A glucose-activated insulin switch, or GAIS, system appears to control blood glucose in mice with streptozotocin-induced diabetes, according to Xie et al. (p. 703). Using a series of in vitro and mouse model–based experiments, they show how the system can affect (variously) long-term insulin secretion, blood glucose control and tolerance, and HbA1c levels. The approach involves temporarily keeping a single-strand insulin analog in the endoplasmic reticulum, which is then automatically released into the bloodstream under conditions of hyperglycemia. Specifically, they describe an approach that uses a “conditional aggregation domain–furin cleavage sequence–SIA [single-strand insulin analog] fusion protein” that is encoded by a plasmid delivered intramuscularly. The protein is then temporarily kept in endoplasmic reticulum via binding to another protein, called GRP78, with the insulin part released into the blood under conditions of hyperglycemia. Previous efforts in this domain have shown therapeutic potential but often resulted in either delivery of protein levels that are too low or, in the case of insulin, its uncontrolled release and hypoglycemia. Therefore, a key step in the experiments was an adjustment to the insulin analog structure to improve efficiency of delivery, specifically with the introduction of a series of flexible peptides to replace proinsulin C-peptide. Based on the findings, the authors propose that their system offers a treatment for type 1 diabetes and, with further studies, potentially a permanent treatment for diabetes. Specifically, they suggest that these studies should look at combining the GAIS system with transcriptional switches and then use CRISPR-Cas9 to integrate the combination into safe genomic sites. More widely, they suggest the system has the potential to deliver a variety of other therapeutics. “In addition to being used for diabetes, the GAIS system–mediated smart production factory platform can be used to express and secrete a variety of therapeutic proteins/peptides for the treatment of different diseases, such as treatments for muscular dystrophy and severe osteoporosis and immunotherapy of tumors,” they write.
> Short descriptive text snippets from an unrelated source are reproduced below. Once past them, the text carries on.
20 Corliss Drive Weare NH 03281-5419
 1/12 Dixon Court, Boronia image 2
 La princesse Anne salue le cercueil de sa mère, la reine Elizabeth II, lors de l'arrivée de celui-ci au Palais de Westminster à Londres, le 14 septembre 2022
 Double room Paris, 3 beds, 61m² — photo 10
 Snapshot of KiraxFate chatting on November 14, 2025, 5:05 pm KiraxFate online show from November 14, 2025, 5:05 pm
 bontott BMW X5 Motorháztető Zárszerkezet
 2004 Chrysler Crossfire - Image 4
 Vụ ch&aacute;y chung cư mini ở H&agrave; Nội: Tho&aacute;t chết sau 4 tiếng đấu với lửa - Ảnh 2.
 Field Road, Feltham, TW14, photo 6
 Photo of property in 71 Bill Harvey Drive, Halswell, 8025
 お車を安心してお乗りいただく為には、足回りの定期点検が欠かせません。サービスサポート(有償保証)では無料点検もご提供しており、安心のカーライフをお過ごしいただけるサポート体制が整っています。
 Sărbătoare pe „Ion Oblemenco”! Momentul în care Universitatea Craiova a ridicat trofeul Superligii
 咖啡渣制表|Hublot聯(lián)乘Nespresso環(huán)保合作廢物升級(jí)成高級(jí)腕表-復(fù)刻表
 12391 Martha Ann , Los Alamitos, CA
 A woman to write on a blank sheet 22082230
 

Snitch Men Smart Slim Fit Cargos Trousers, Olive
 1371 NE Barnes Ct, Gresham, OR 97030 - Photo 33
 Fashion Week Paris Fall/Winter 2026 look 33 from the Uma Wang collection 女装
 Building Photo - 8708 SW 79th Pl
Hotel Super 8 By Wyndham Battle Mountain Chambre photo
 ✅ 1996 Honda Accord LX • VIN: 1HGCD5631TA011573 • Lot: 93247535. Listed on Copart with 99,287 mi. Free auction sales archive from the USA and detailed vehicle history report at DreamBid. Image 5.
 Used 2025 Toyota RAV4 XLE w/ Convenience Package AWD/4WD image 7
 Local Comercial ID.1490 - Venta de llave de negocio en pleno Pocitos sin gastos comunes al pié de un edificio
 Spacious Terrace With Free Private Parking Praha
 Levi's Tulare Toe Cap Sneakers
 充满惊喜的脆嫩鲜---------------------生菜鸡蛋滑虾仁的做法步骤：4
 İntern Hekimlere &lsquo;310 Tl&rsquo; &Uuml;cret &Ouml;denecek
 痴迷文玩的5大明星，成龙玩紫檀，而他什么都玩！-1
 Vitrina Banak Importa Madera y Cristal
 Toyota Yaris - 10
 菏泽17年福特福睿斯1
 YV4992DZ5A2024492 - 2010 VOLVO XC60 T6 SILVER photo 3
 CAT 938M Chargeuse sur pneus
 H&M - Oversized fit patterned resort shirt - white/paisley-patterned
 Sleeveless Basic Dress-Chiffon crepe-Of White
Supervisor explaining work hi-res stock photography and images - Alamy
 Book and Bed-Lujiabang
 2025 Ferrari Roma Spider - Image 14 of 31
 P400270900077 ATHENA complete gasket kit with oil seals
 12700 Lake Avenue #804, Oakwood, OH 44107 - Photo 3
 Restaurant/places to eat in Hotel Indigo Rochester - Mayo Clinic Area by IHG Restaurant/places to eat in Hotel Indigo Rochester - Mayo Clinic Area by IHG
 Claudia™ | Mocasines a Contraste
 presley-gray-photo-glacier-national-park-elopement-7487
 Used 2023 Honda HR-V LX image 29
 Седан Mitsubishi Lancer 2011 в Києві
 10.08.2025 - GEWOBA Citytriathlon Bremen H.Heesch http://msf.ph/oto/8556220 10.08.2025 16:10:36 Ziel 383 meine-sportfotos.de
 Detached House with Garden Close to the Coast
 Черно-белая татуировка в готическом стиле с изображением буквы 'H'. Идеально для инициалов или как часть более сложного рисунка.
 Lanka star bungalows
The development of type 2 diabetes in Latino youth with obesity appears to be preceded by a rapid decline in β-cell function and increases in various measures of adiposity, according to Vidmar et al. (p. 735). Specifically, they found that development of diabetes was associated with a rapid decline in a measure of β-cell function called the disposition index, or DI, and that it directly correlated with increases in fasting glucose, HbA1c, and adiposity. Using a longitudinal cohort study, the authors looked at how 262 Latino children with overweight/ obesity and at risk for type 2 diabetes developed over a period of 5 years. Specifically, they were looking for predictive factors in those who developed type 2 diabetes compared with those who did not, including matched control participants. They found that six individuals (i.e., 2%) developed type 2 diabetes in the study period, which is a low rate compared with those of equivalent studies. Using the DI measure, they found that case participants had a rate of decline in β-cell function that was 3 times higher than that for the overall cohort and 20 times that of matched control participants. The authors note that the findings might have clinical implications in that prevention strategies for preserving β-cell function could have benefits in at-risk individuals. Conversely, they also note that the DI measure was obtained with an intravenous glucose tolerance test, which would be impractical in clinical settings, and that oral glucose tolerance test measures did not have any relationship with any diabetes outcomes. “Even though this was a 20-year effort that required significant funding, the fact that only six cases of type 2 diabetes development were observed justifies the need for larger studies,” said author Michael I. Goran. “This should include other at-risk groups beyond Latinos.” He added, “These studies are needed to fully understand the factors that are contributing to the very rapid rate of β-cell deterioration during pubertal development, so that we can identify ways to prevent it for future generations.”